***** Listed records *****

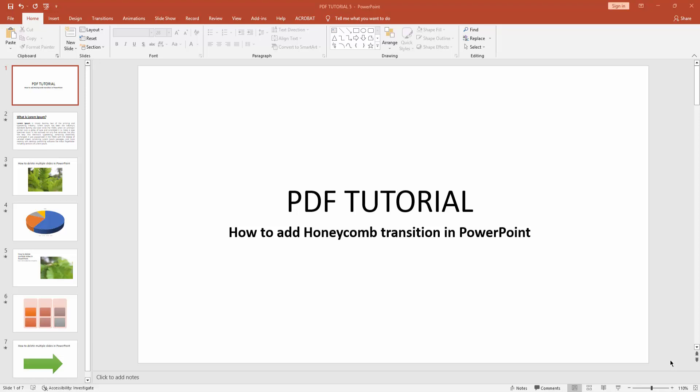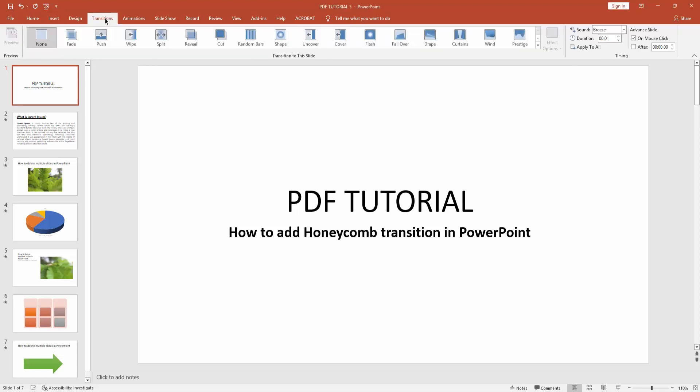Assalamualaikum, hello friends! How are you? Welcome back to another video. In this video, I'm going to show you how to add honeycomb transition in PowerPoint. Let's get started. First, you have to go to the Transition menu.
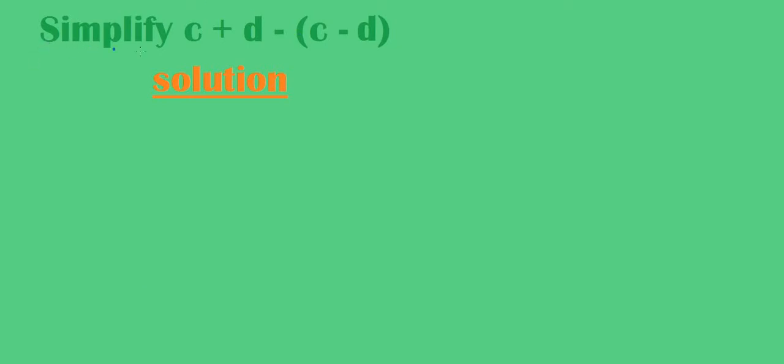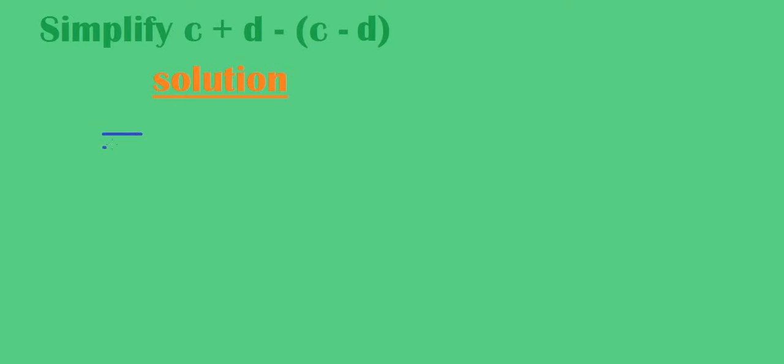We are required to simplify c plus d minus bracket c minus d. Okay, so we are going to simplify, equals sign here, equals to c plus d.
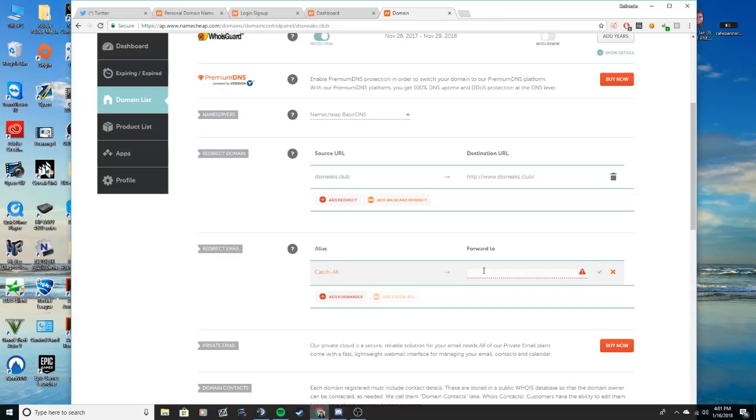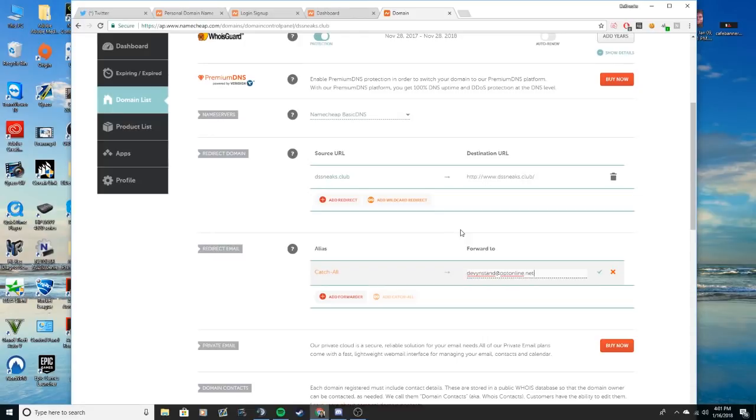So I'm not going to put in my actual email, but I'll pretend, so it's like devinstand at optonline.net. So what will happen is now when you use like Splash Force, all of the carts that you checked out will be forwarded to that email.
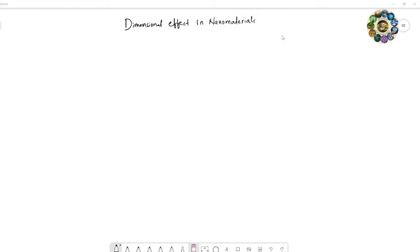Hello everyone, I am Narendra. In this video we will try to learn about the dimension effect in nanomaterials. As I mentioned in the previous videos, nanomaterials means the size of a material should be at the nano scale range.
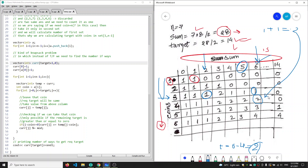In this way we can fill our entire 2D matrix, and finally we need to print the answer: the number of ways to create a sum of 14 using coins 1 to 6. As you can see, we only need the previous row to create the current row.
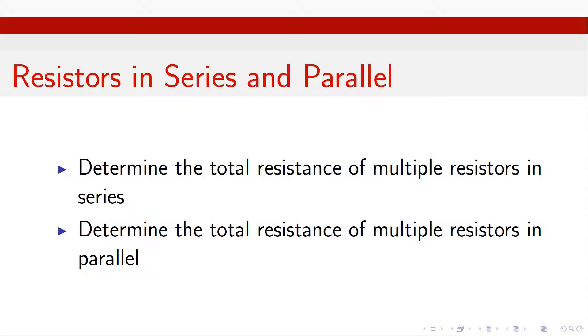When we've got a single resistor connected up to a cell, it's quite straightforward to use Ohm's law to determine the current passing through it. If we've got multiple resistors together hooked up to a voltage source, an EMF, then it's useful to be able to work out the total effective resistance that this network of resistors presents to that cell.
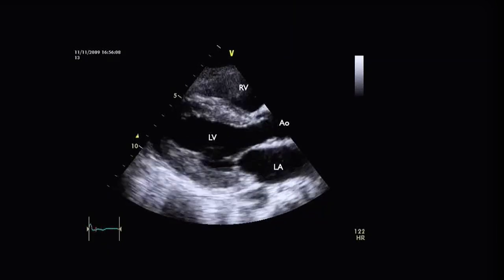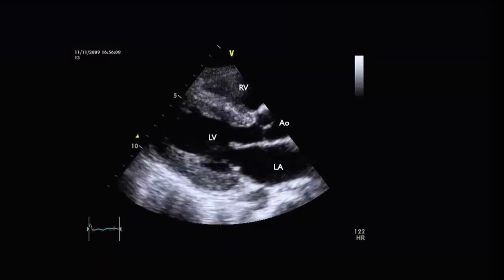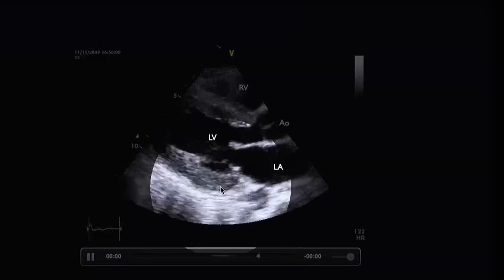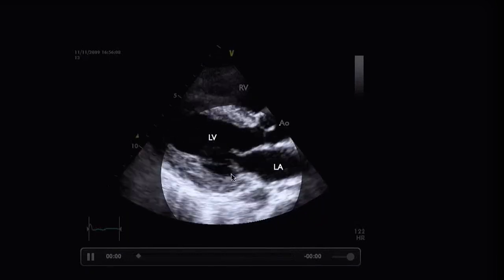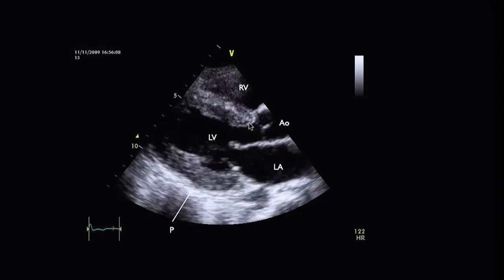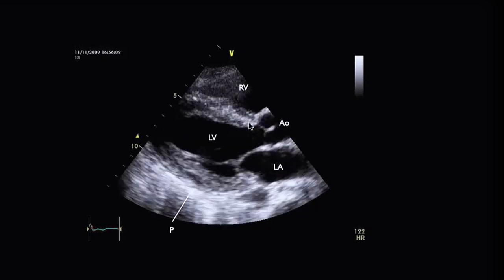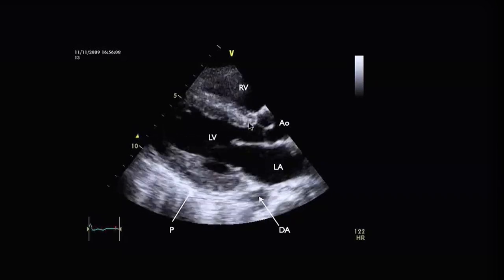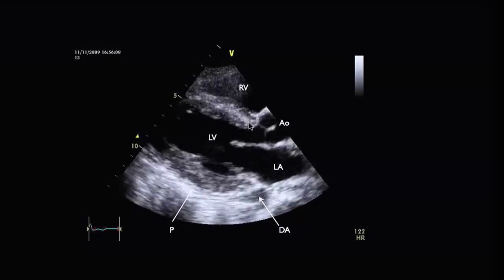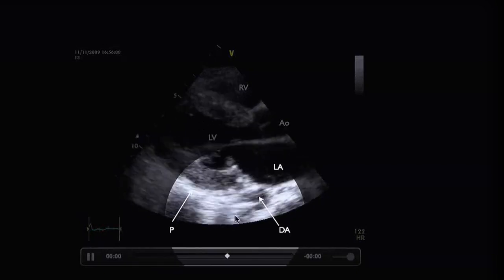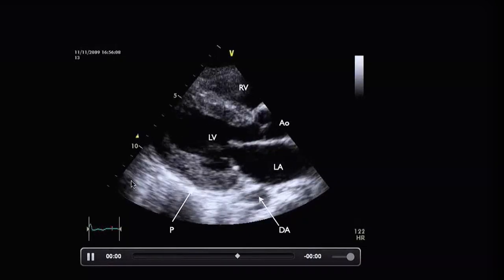This is a parasternal long axis view annotated with different chambers. We can see the left ventricle and the right ventricle separated by the interventricular septum. This is the posterior free wall, the mitral valve with its long anterior leaflets and short posterior leaflets, the aortic valve, and the aortic root. We can also see the bright pericardium running behind the posterior free wall with a tiny echo-free space containing a little fluid. Here is the descending aorta in short axis — the pericardial space stops just above it, which lets us differentiate pericardial fluid from pleural fluid.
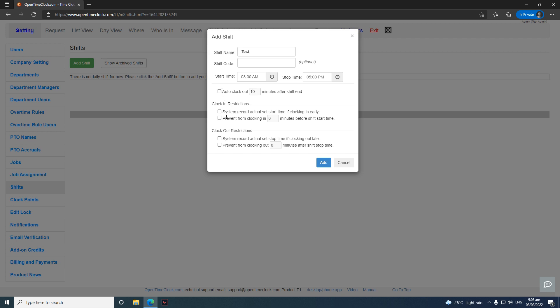There are also clock-in and clock-out restrictions that work similarly. The first option records clock-ins and clock-outs as the actual scheduled shift time regardless of when the employee clocks in or out. For example, if you clock in at 7:30 AM it records as 8:00 AM, and if you clock out at 6:00 PM it records as 5:00 PM.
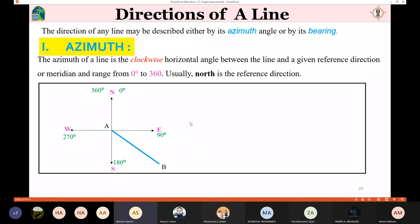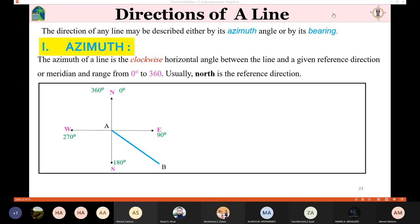In order to measure any line, you need to have a reference — which could be a geographic meridian, magnetic meridian, or assumed meridian. In the next lecture we are going to talk about how to measure lines using the azimuth method or the bearing method, and we will learn how to connect them together.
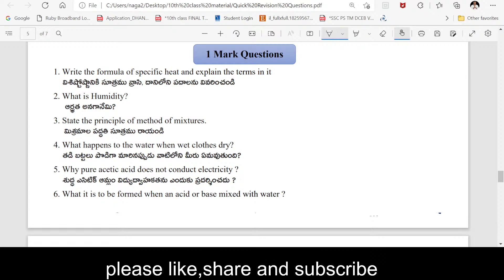Hello friends. Welcome to Techno Science Club. Welcome to the 10th class revision program. Important one-mark questions, academic standard wise. Already important four-mark questions and academic standard wise two-mark questions have been covered. This video is for important one-mark questions, academic standard wise. Let's go into the topic.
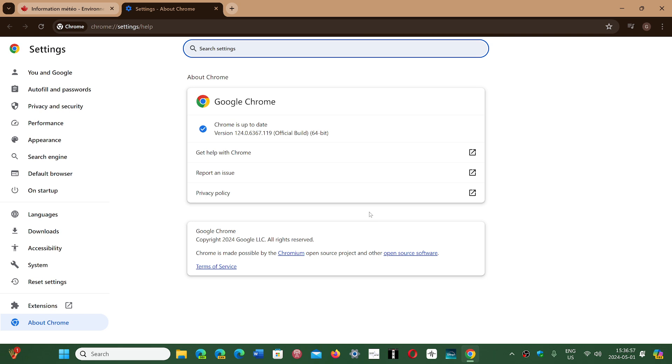Sometimes you're updated but you didn't even notice. Usually it does it in the background. If you use it, of course it will update as you are using it, so that's automatic. But even when it's not used much, you should still have updates going through the Chrome browser.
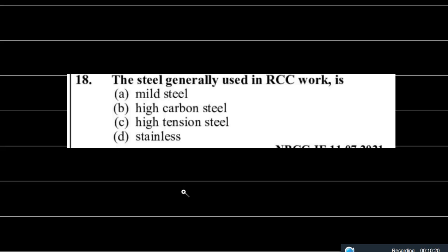The next question: what type of steel is generally used in RCC? The options are mild steel, high carbon steel, high tension steel, or stainless steel. The correct answer is option A: mild steel. Mild steel is generally used in RCC structures because mild steel properties properly match with reinforced cement concrete.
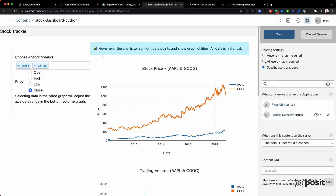But we can be a little less strict. If you look at the middle option right here: all users, login required. If I select this, basically, as long as you can log in to the Connect instance, you can view this content. So here at Posit, it's our demo environment — that's pretty much all Posit employees. If they can log in to the Connect instance, they can view it.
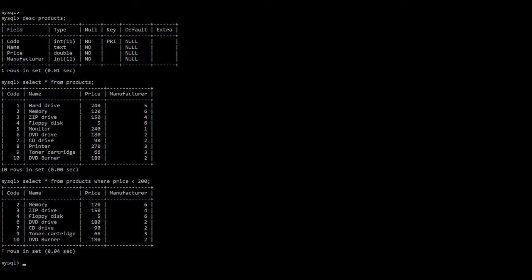Remember, SQL is not case sensitive, but it has reserved words. We're going to learn about reserved words in another lecture.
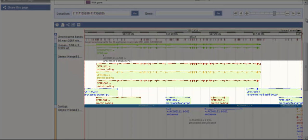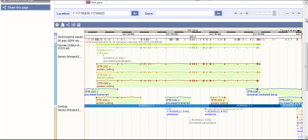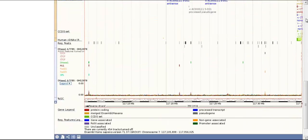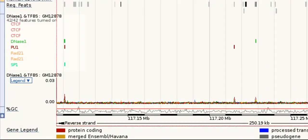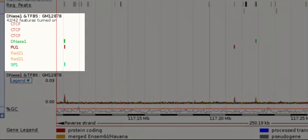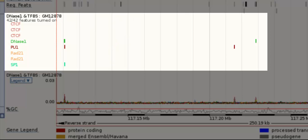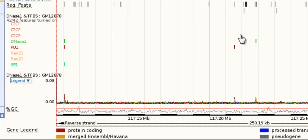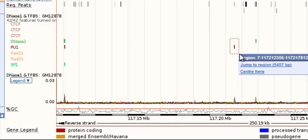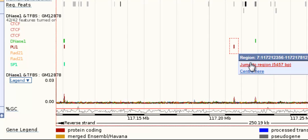In this particular region for the CFTR gene, I see DNase1 hypersensitivity, CTCF binding sites, PU1, RAD21, and SP1 binding sites across multiple experiments. Zoom in to one of these by drawing a box around the feature.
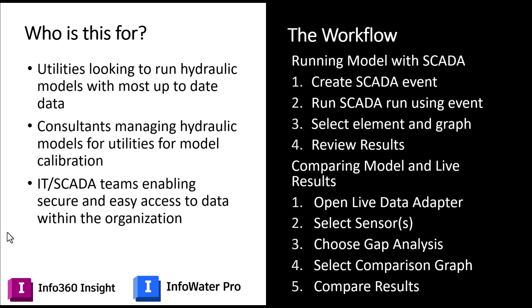The second workflow we're going to walk through is actually comparing your hydraulic model results to the live results. So in that case we're going to open the live data adapter, select either an individual sensor or in this case a group of sensors, run the gap analysis, select the comparison graph, and then compare the results.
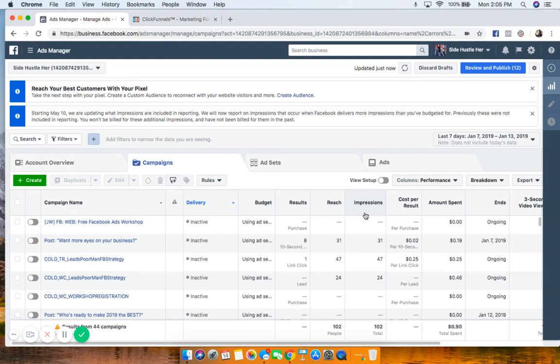I'm going to give you a run-through of installing the Facebook pixel. We're going to cover two other things besides installing the pixel that you need to know and understand. After we install the pixel, I'm going to walk you through installing a standard event and also custom conversions, and why I would definitely advise that you do both.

*****

What the task asks
Pictures excluded, transcribe the listing above exactly from the line with "We are required" through the line with "When we've got", and no further.

Answer section
We are required to simplify c plus d minus bracket c minus d. Okay, so we are going to simplify, equals sign here, equals to c plus d.
So I'm not going to put in my actual email, but I'll pretend, so it's like devinstand at optonline.net. So what will happen is now when you use like Splash Force, all of the carts that you checked out will be forwarded to that email.
Hello everyone, I am Narendra. In this video we will try to learn about the dimension effect in nanomaterials. As I mentioned in the previous videos, nanomaterials means the size of a material should be at the nano scale range.
In this way we can fill our entire 2D matrix, and finally we need to print the answer: the number of ways to create a sum of 14 using coins 1 to 6. As you can see, we only need the previous row to create the current row.
When we've got a single resistor connected up to a cell, it's quite straightforward to use Ohm's law to determine the current passing through it. If we've got multiple resistors together hooked up to a voltage source, an EMF, then it's useful to be able to work out the total effective resistance that this network of resistors presents to that cell.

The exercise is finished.